An unchanged copy of all the lines below is expected, and it should contain no pictures.

(SOURCE MATERIAL begins)

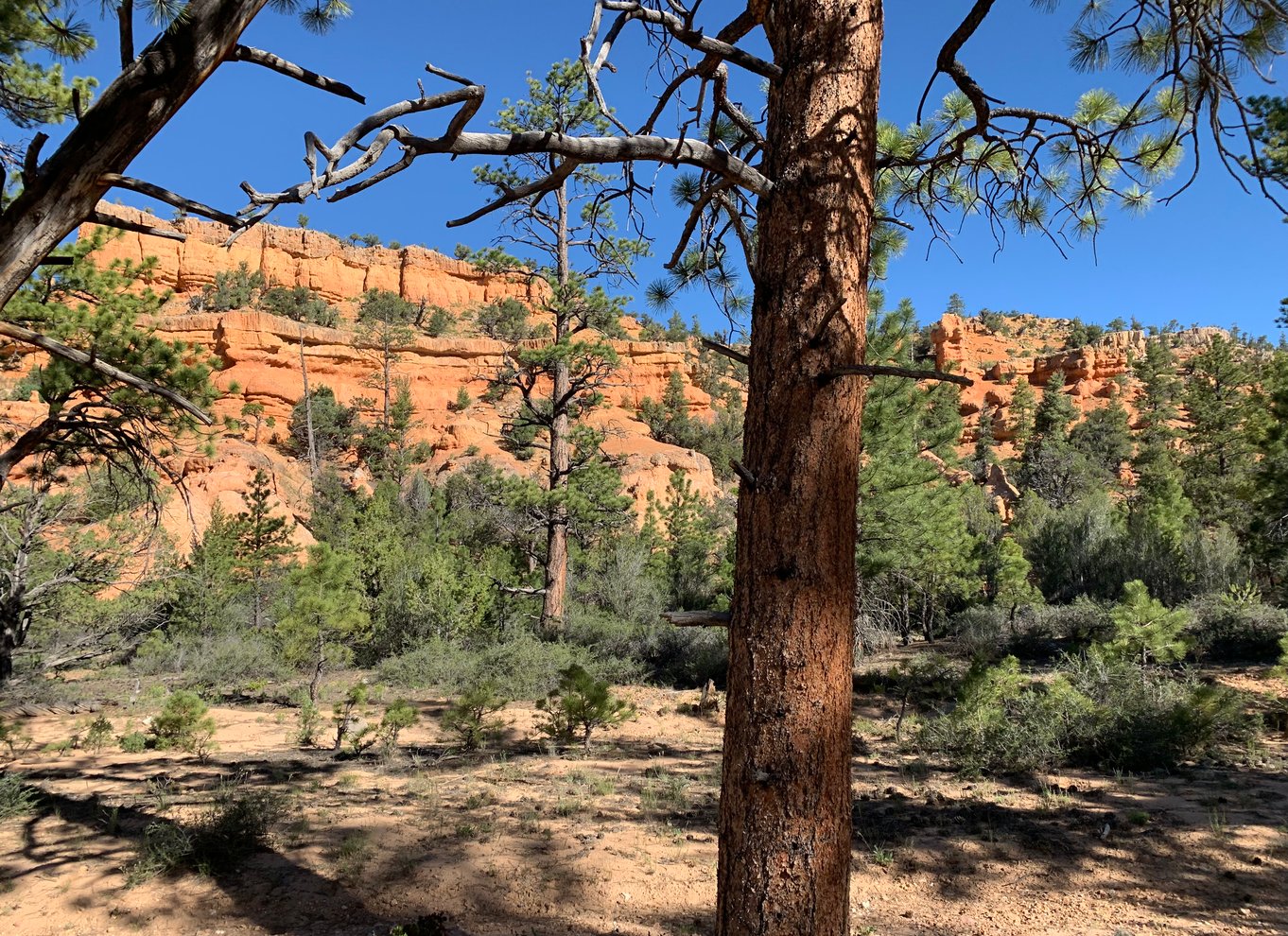 Bryce Canyon City: Ridetur på hesteryg i Red Canyon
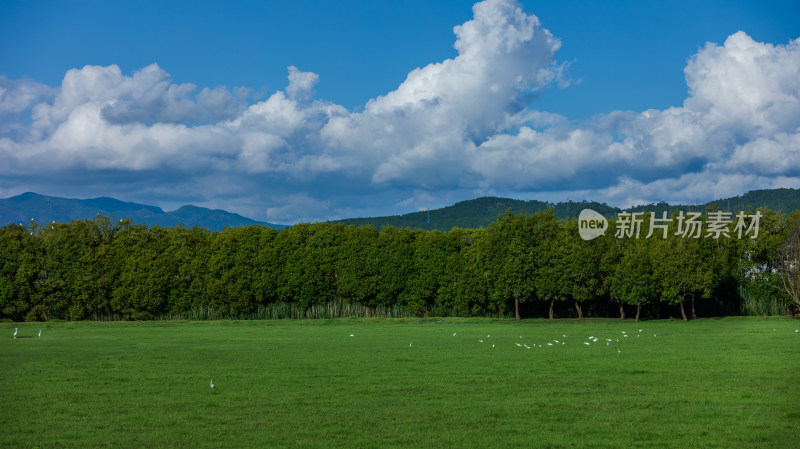 丽江拉市海湿地公园夏末风光茶马古道风景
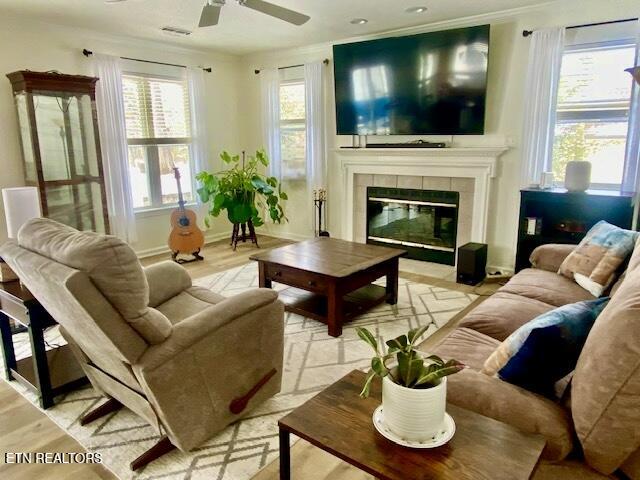 203 Seminole Circle Loudon TN 37774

(SOURCE MATERIAL ends)

### [ANSWER BOX]
 Bryce Canyon City: Ridetur på hesteryg i Red Canyon
 丽江拉市海湿地公园夏末风光茶马古道风景
 203 Seminole Circle Loudon TN 37774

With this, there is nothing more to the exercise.